Minette Walter’s debut novel, THE ICE HOUSE (published 1992) opens with an arresting discovery of a decomposed body found in…you guessed it, the ice house.
Lady of the Manor Phoebe Maybury lives with her female companions Diana Goode and Anne Cattrell. Of course, the villagers gossip about the three women, and not in a kind way. They believe them to be a coven of witches. But as this novel is set in the 20th century, that opinion doesn’t carry the dangerous implications that it did in the past. So someone comes up with the bright idea that they are lesbians who groom young girls in unspeakable acts. Things get so tense that a group of villagers trashes Phoebe’s manor house, terrifying herself and her two young children. Which is when her two friends Diana and Anne move in with her.
At around that time, Phoebe’s evil husband David Maybury disappears. The local police believe that Phoebe was responsible for his death, but that was never proven. The novel opens ten years later with the discovery of that body in the ice house. Of course, the DCI put on the case, George Walsh, believes it to be the body of the long-disappeared David Maybury. But if he died ten years ago, all that would be left would be a skeleton.

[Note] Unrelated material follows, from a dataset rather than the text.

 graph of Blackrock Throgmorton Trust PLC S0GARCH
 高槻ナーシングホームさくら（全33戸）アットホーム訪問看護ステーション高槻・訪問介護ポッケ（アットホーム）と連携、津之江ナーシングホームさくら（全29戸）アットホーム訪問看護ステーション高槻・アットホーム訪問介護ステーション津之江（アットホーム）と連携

And so the novel begins. The ostracism by the villagers means that they live in seclusion in the manor house, and don’t have many visitors. So it is easy to picture them as three old crones. But in fact, they are much younger than you would think, especially as their children are in their late teens or early twenties. That fact gives this novel an old-fashioned twist. For 37-year-old Phoebe has a son who is now twenty years old and an eighteen-year-old daughter. Her friends, whom she met when they were all in their teens, are similarly placed with DIana having a daughter who is in her late teens. This means that two of the three women (Anne doesn’t have children) started motherhood before they were out of their teens themselves.
And so the tragedy of the novel is that we have three women, still in their prime, being treated to the kind of loneliness that much older people tend to face. All of that starts to change when the police reopen their investigation, and the manor house starts to hum with activity.
For those of you who have never heard of this novel, and are not familiar with Ms Walter’s style, a warning is in order. The beginning of the novel, involving as it does a decomposing body, is not for the faint of heart and definitely should not be experienced if you are eating. However, once that unpleasantness is got over, the rest of the novel is a great who-dunnit, with interesting and quirky characters.